If a City Council member, appointee or some other Colorado Springs official gets hit with an allegation of an ethics violation that's heard by the city's Independent Ethics Commission, the city will pay for up to $10,000 in legal expenses — as long as the accused is "completely exonerated." If not, that city official or appointee will be on the hook personally.
That consensus was reached by Council in a closed executive session Monday and announced by President Scott Hente. Council will vote formally on the matter April 9.
The policy applies to Council members, appointees, members of boards, committees and commissions, and the mayor. Legal expenses exceeding $10,000 can be submitted for consideration by Council, which could approve additional costs. Council's word is final and cannot be appealed.

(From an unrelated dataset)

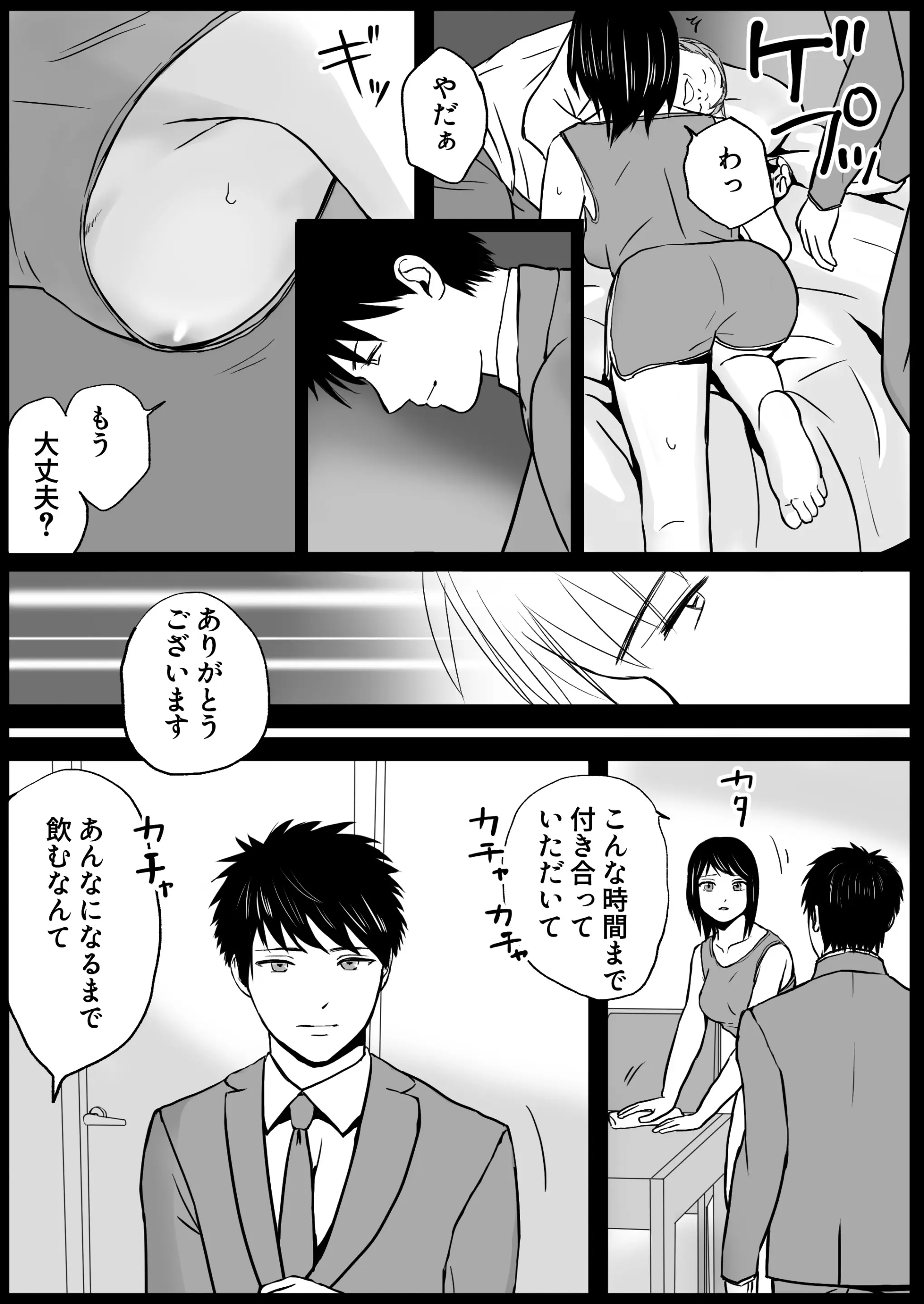 웹툰 이미지 71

The resolution, if approved, will be retroactive to pertain to the alleged violations of Councilman Tim Leigh, which are currently under investigation by the Ethics Commission. Leigh has been accused by David Neumann, president of Neumann Systems Group, of seeking personal gain through his company (a city contractor), and of having a conflict of interest related to the political question of whether the downtown Martin Drake Power Plant should be shuttered. NSG's coal-scrubbing technology could extend the life of the plant; Leigh, a commercial real estate broker, represents some downtown property owners who ostensibly would stand to gain from new development in that area.